PROBLEM DESCRIPTION: From the records below, copy out exactly the lines from the one containing "Kinderkraft Esme Pro" to the one containing "dasturi vatanga muhabbat", both included. Add nothing else.

- - - - - - -

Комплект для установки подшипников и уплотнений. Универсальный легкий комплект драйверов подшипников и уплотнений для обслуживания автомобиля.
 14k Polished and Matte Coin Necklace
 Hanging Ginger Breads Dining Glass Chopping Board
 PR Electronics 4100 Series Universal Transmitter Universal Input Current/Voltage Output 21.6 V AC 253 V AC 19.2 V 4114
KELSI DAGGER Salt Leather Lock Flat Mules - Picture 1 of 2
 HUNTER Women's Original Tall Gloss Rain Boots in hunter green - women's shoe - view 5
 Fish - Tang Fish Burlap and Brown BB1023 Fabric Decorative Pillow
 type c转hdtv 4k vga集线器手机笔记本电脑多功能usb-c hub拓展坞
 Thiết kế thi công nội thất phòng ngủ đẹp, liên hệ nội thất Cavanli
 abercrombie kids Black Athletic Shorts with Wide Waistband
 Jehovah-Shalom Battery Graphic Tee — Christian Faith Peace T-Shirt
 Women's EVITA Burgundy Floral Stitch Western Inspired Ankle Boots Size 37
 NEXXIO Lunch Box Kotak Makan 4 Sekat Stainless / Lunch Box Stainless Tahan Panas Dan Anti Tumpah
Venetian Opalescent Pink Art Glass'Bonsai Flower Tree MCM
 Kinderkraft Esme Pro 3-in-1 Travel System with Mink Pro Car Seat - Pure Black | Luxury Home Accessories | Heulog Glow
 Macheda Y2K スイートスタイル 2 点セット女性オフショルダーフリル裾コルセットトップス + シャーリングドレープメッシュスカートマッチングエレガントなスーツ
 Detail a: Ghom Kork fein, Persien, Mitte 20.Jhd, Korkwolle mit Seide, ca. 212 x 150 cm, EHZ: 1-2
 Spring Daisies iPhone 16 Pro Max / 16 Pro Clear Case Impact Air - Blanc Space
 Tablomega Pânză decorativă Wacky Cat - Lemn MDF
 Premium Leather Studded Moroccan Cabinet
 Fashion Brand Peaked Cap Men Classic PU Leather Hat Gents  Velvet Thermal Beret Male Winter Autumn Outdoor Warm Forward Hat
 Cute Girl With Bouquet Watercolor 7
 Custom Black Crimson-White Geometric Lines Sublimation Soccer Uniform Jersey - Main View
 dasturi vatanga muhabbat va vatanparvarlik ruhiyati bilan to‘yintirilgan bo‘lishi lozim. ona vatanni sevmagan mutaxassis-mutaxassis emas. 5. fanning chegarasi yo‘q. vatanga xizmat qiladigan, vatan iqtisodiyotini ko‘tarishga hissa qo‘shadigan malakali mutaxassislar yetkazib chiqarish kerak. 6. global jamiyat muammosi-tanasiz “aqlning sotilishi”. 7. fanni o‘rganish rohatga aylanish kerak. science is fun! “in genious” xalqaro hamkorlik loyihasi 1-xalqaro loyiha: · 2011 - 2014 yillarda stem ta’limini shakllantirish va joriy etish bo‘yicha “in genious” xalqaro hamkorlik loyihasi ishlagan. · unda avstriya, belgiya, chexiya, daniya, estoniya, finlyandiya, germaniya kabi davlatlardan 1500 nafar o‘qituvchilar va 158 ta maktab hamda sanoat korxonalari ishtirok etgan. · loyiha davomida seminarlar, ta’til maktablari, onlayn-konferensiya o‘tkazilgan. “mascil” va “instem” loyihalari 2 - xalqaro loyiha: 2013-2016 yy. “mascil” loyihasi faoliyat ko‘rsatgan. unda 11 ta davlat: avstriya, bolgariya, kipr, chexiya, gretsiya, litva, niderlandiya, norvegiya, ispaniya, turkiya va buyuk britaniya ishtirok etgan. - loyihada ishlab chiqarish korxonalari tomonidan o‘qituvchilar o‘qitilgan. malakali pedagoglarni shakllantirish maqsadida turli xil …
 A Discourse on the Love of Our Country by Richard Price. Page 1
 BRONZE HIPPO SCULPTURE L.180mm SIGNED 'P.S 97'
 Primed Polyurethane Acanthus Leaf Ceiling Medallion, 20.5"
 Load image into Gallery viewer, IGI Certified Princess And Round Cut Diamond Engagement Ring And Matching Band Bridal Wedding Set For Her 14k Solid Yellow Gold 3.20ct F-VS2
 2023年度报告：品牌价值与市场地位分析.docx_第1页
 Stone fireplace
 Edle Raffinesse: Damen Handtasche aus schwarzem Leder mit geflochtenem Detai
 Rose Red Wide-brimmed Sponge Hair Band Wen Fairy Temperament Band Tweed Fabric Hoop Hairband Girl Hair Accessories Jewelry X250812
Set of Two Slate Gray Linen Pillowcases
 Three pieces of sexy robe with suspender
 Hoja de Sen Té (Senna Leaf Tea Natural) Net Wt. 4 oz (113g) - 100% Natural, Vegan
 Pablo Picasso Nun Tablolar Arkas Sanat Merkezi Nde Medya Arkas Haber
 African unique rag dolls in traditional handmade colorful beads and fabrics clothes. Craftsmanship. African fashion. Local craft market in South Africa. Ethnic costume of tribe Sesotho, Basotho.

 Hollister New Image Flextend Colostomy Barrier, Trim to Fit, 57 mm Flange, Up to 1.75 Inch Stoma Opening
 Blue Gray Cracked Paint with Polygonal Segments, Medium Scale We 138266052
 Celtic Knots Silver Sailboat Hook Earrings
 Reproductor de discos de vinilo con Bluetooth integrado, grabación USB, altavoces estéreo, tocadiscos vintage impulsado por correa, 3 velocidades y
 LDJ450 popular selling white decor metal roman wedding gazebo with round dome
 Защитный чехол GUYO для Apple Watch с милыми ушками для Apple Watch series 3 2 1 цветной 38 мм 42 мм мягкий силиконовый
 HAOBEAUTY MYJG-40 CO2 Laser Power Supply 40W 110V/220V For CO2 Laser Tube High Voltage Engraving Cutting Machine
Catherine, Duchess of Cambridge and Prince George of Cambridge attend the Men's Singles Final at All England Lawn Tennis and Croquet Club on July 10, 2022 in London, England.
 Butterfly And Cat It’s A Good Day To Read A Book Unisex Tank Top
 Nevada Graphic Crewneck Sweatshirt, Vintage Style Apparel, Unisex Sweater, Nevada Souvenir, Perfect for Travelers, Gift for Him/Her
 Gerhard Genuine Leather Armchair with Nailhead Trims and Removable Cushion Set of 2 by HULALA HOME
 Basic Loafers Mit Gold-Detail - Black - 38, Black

- - - - - - -

RESPONSE:
 Kinderkraft Esme Pro 3-in-1 Travel System with Mink Pro Car Seat - Pure Black | Luxury Home Accessories | Heulog Glow
 Macheda Y2K スイートスタイル 2 点セット女性オフショルダーフリル裾コルセットトップス + シャーリングドレープメッシュスカートマッチングエレガントなスーツ
 Detail a: Ghom Kork fein, Persien, Mitte 20.Jhd, Korkwolle mit Seide, ca. 212 x 150 cm, EHZ: 1-2
 Spring Daisies iPhone 16 Pro Max / 16 Pro Clear Case Impact Air - Blanc Space
 Tablomega Pânză decorativă Wacky Cat - Lemn MDF
 Premium Leather Studded Moroccan Cabinet
 Fashion Brand Peaked Cap Men Classic PU Leather Hat Gents  Velvet Thermal Beret Male Winter Autumn Outdoor Warm Forward Hat
 Cute Girl With Bouquet Watercolor 7
 Custom Black Crimson-White Geometric Lines Sublimation Soccer Uniform Jersey - Main View
 dasturi vatanga muhabbat va vatanparvarlik ruhiyati bilan to‘yintirilgan bo‘lishi lozim. ona vatanni sevmagan mutaxassis-mutaxassis emas. 5. fanning chegarasi yo‘q. vatanga xizmat qiladigan, vatan iqtisodiyotini ko‘tarishga hissa qo‘shadigan malakali mutaxassislar yetkazib chiqarish kerak. 6. global jamiyat muammosi-tanasiz “aqlning sotilishi”. 7. fanni o‘rganish rohatga aylanish kerak. science is fun! “in genious” xalqaro hamkorlik loyihasi 1-xalqaro loyiha: · 2011 - 2014 yillarda stem ta’limini shakllantirish va joriy etish bo‘yicha “in genious” xalqaro hamkorlik loyihasi ishlagan. · unda avstriya, belgiya, chexiya, daniya, estoniya, finlyandiya, germaniya kabi davlatlardan 1500 nafar o‘qituvchilar va 158 ta maktab hamda sanoat korxonalari ishtirok etgan. · loyiha davomida seminarlar, ta’til maktablari, onlayn-konferensiya o‘tkazilgan. “mascil” va “instem” loyihalari 2 - xalqaro loyiha: 2013-2016 yy. “mascil” loyihasi faoliyat ko‘rsatgan. unda 11 ta davlat: avstriya, bolgariya, kipr, chexiya, gretsiya, litva, niderlandiya, norvegiya, ispaniya, turkiya va buyuk britaniya ishtirok etgan. - loyihada ishlab chiqarish korxonalari tomonidan o‘qituvchilar o‘qitilgan. malakali pedagoglarni shakllantirish maqsadida turli xil …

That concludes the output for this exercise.